The problem: The part below that opens with the line containing "Chinatown Kitchen |" and closes with the line containing "VENEZIA 83 - Inaugurata Casa Cinema Giovani" should be copied exactly, minus any pictures.

Stored data:

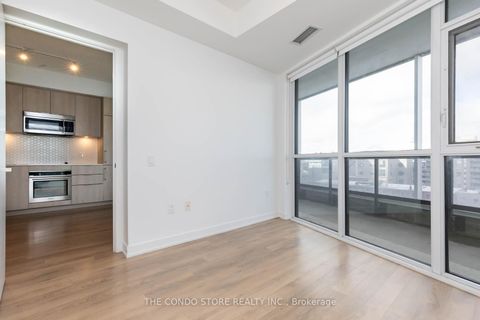 Photo 12 at 707 - 50 Ordnance Street, Niagara, Toronto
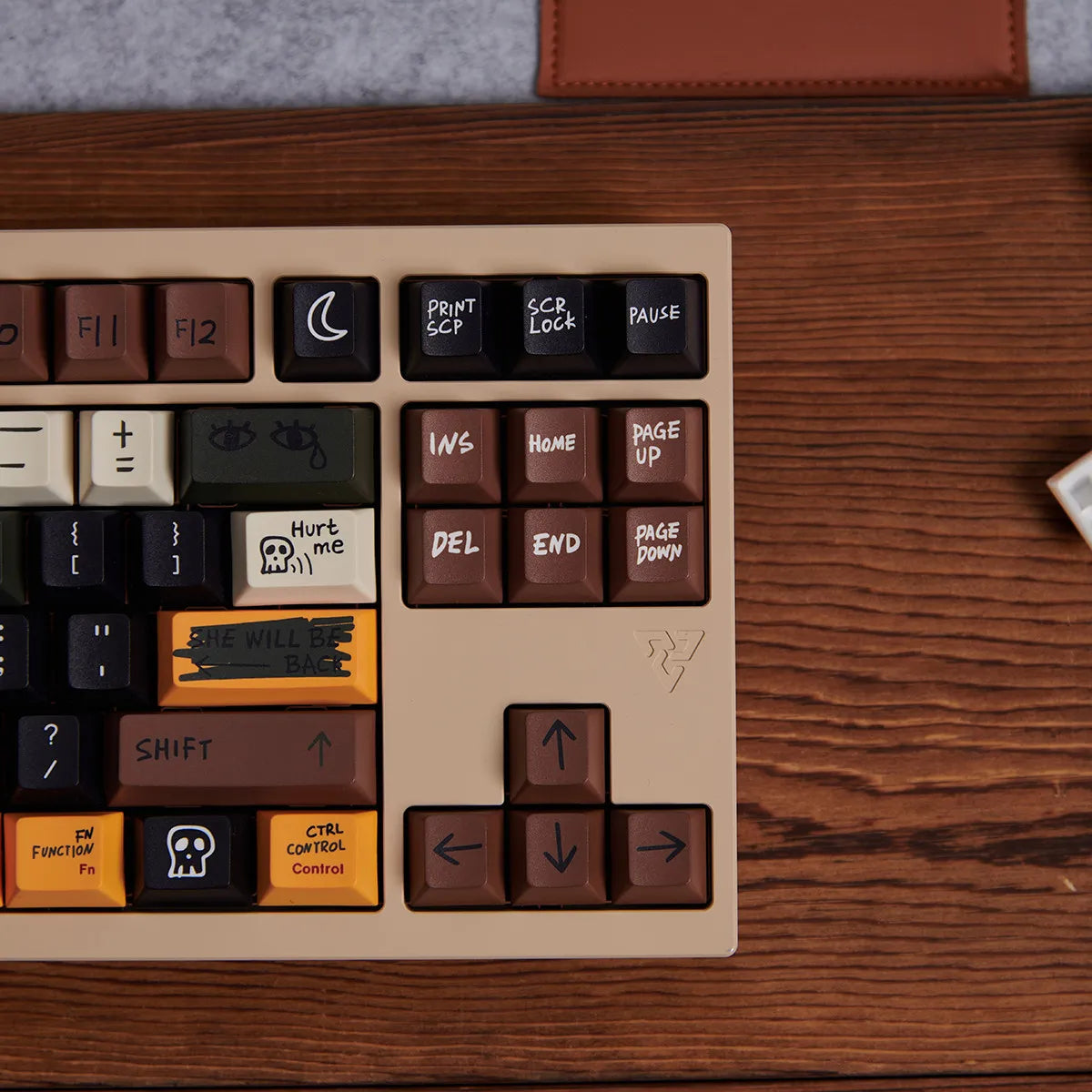 GMK Love Story PBT Keycaps DYE -Sublimation Cherry profile for MX 61 64 87 96 104 108 Mechanical Keyboard Keycap Full Set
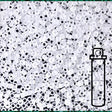 Delica 11/0 - DB741 - Matte Transparent Crystal - PerlineBeads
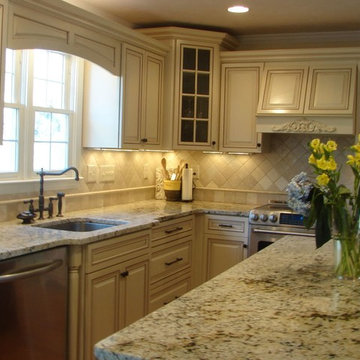 Featured Kraftmaid Designs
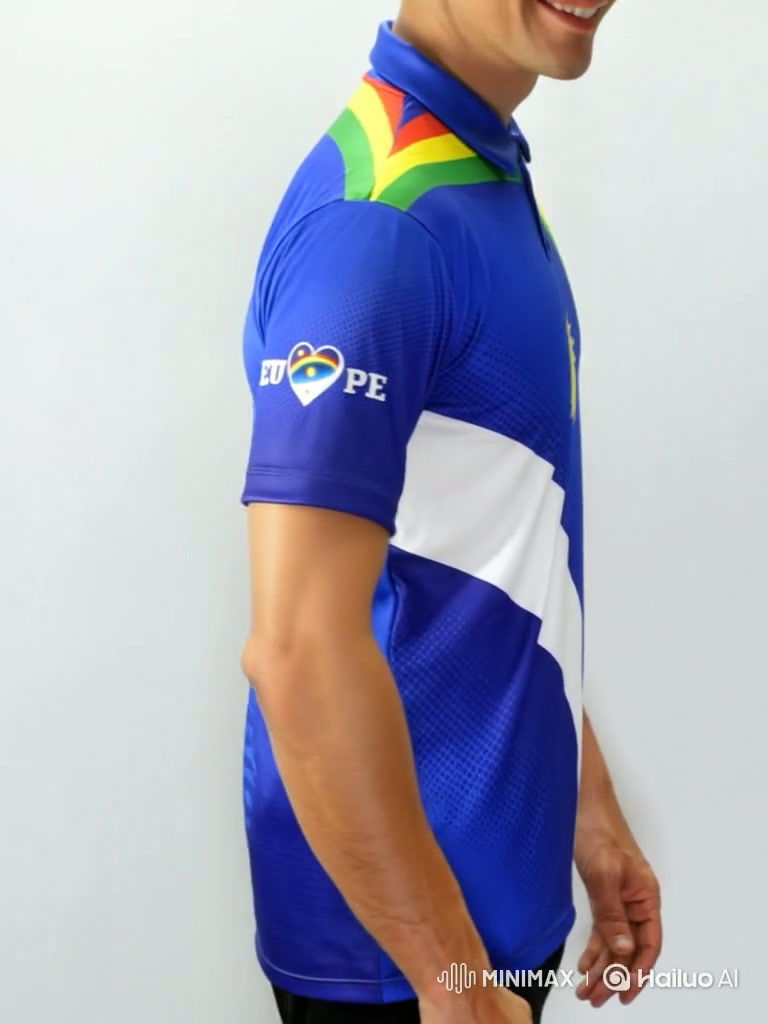 Miniatura: POLO - Eu Amo PE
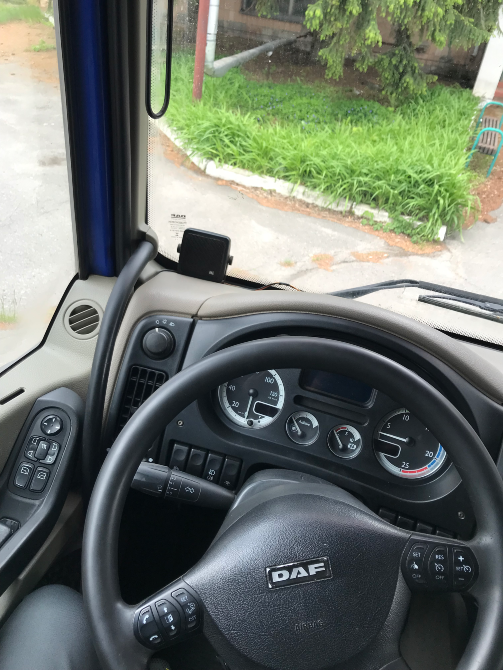 DAF XF 105 2009 Кременчук - зображення 7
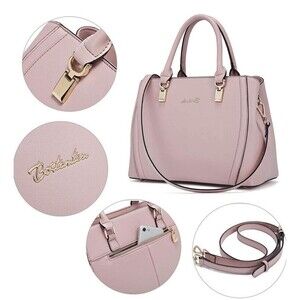 Bostanten Crossbody Purse  Leather Classic shoulder bag Timeless Elegant Glam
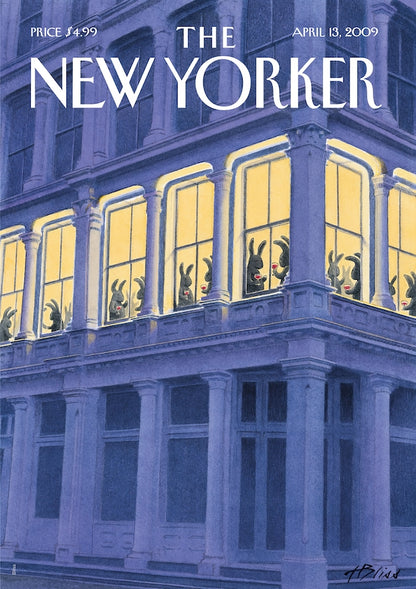 The New Yorker No.15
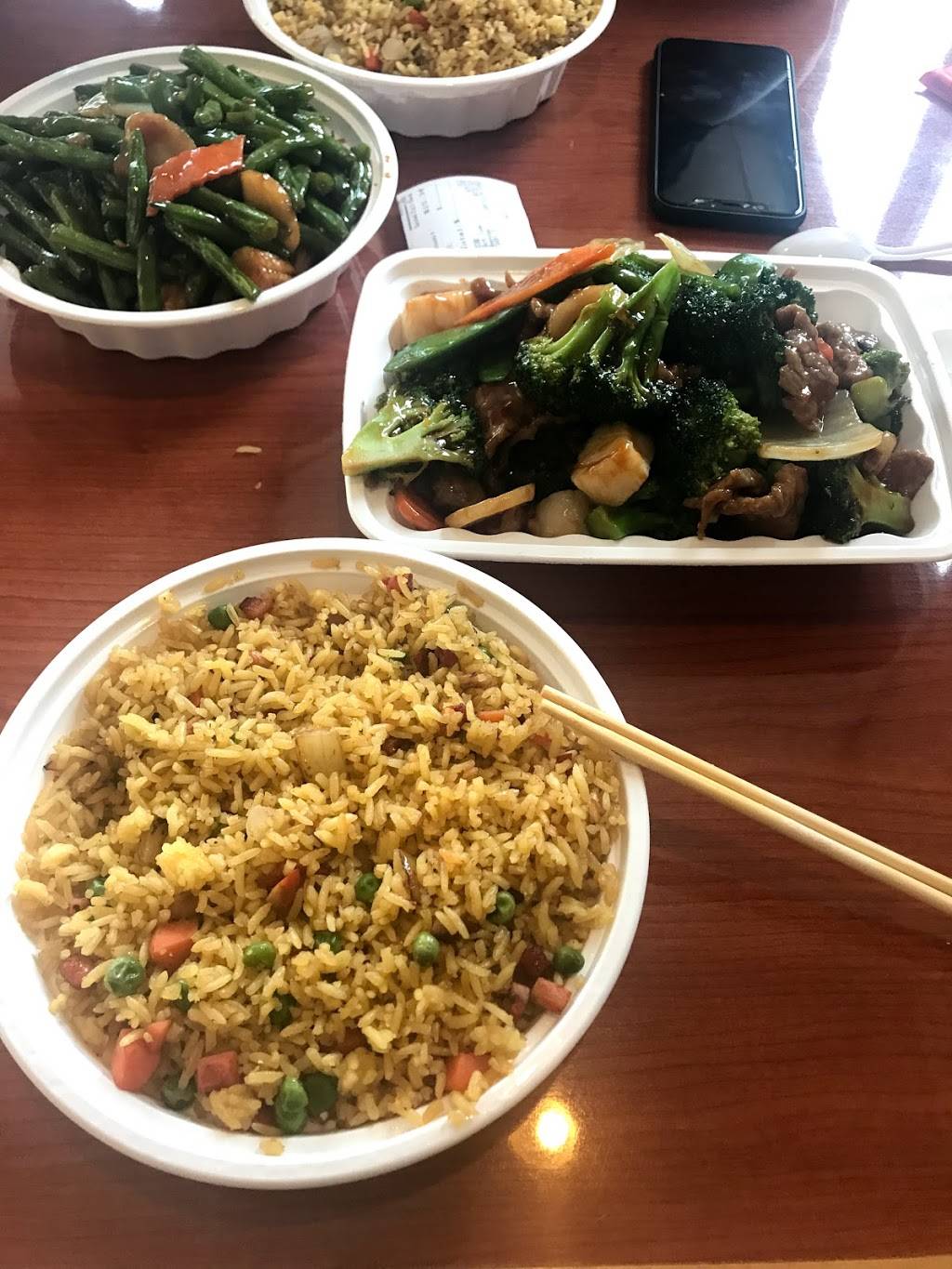 Chinatown Kitchen | restaurant | 1525 Pine Ave, Niagara Falls, NY 14301, USA | 7162841405 OR +1 716-284-1405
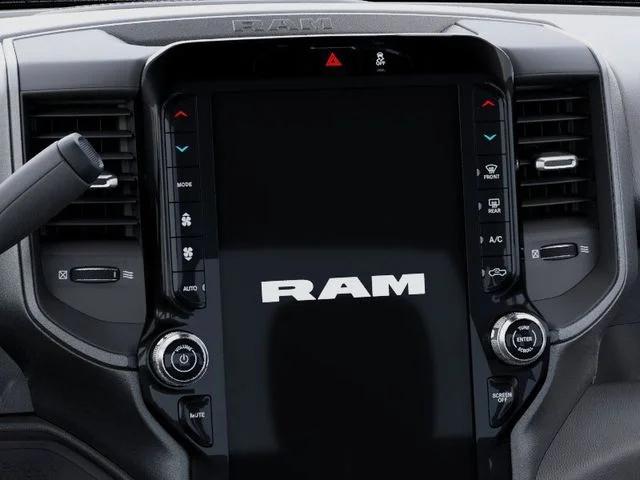 New 2026 Diamond Black Crystal Pearl-Coat Exterior Paint RAM Warlock image 18
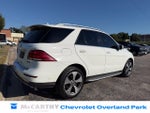 2017 Mercedes-Benz GLE GLE 350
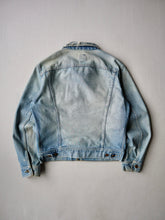 Load image into Gallery viewer, 1980s Distressed Lee 101-J Style Denim Jacket - S
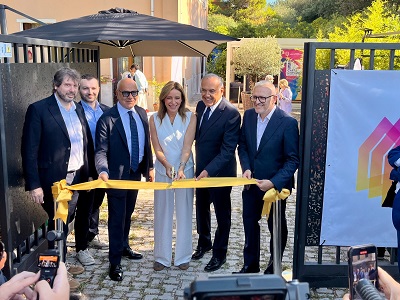 VENEZIA 83 - Inaugurata Casa Cinema Giovani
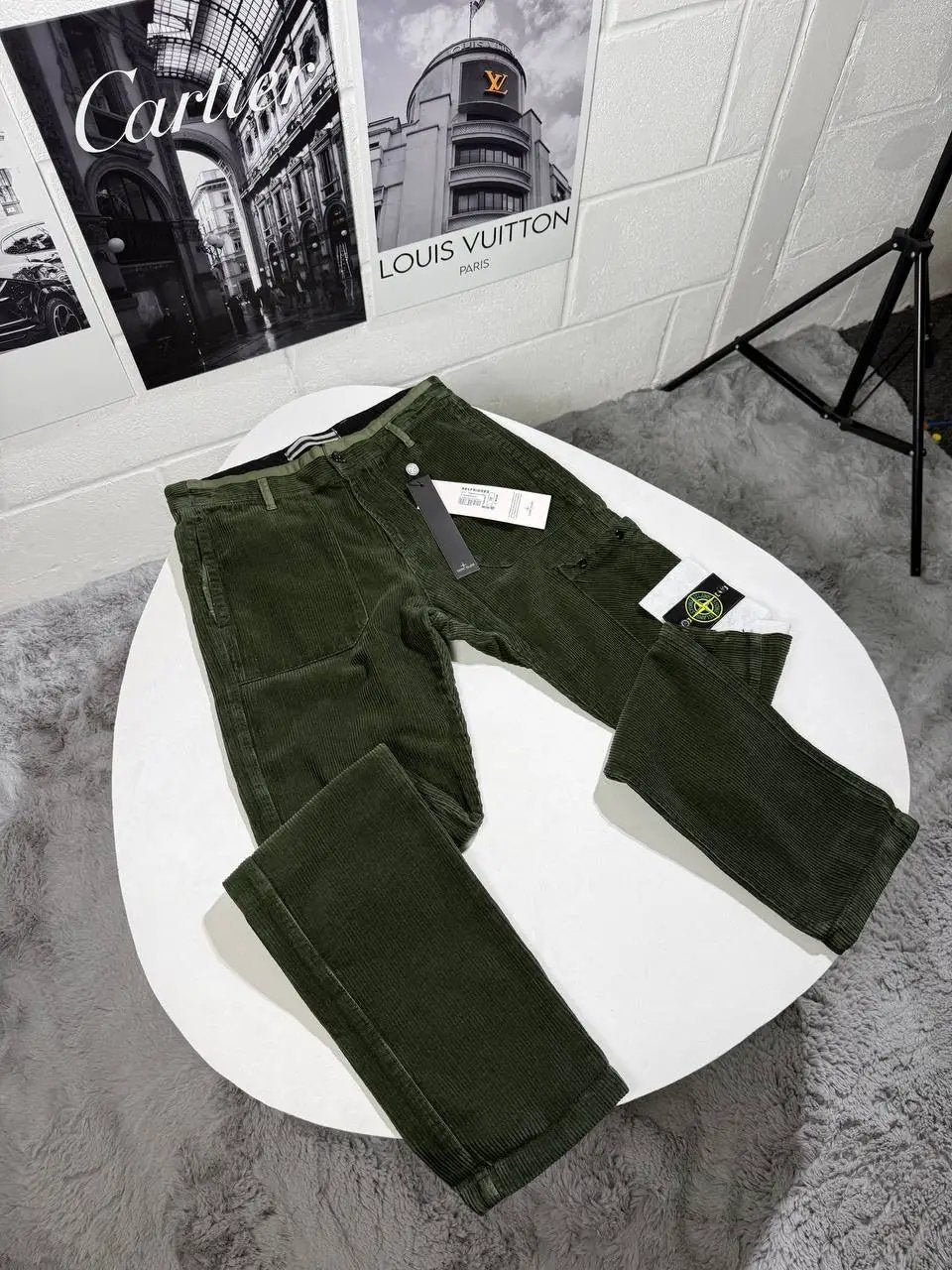 SI KNITTED CARGO by Stock supplier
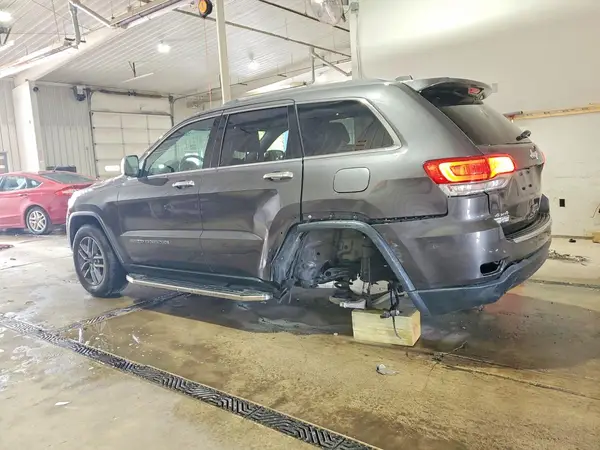 1C4RJFBGXKC778339 2019 JEEP GRAND CHEROKEE - Image 2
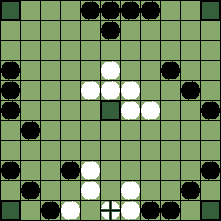 hnefatafl board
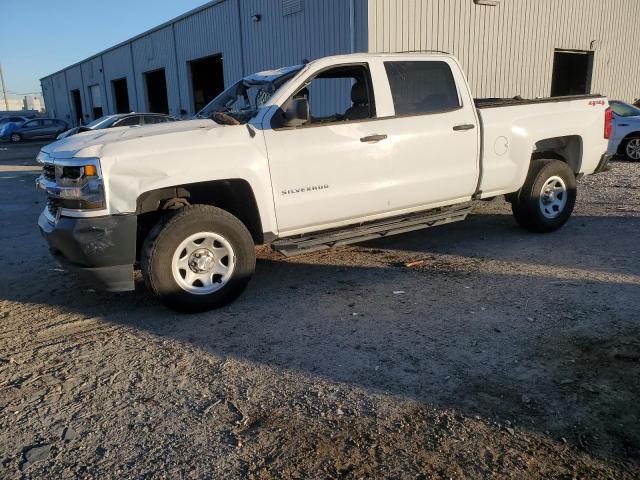 Photo 1 from auction – 2018 CHEVROLET SILVERADO with VIN 3GCUKNEC7JG448776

Task answer:
 Chinatown Kitchen | restaurant | 1525 Pine Ave, Niagara Falls, NY 14301, USA | 7162841405 OR +1 716-284-1405
 New 2026 Diamond Black Crystal Pearl-Coat Exterior Paint RAM Warlock image 18
 2017 Mercedes-Benz GLE GLE 350
 Load image into Gallery viewer, 1980s Distressed Lee 101-J Style Denim Jacket - S
 VENEZIA 83 - Inaugurata Casa Cinema Giovani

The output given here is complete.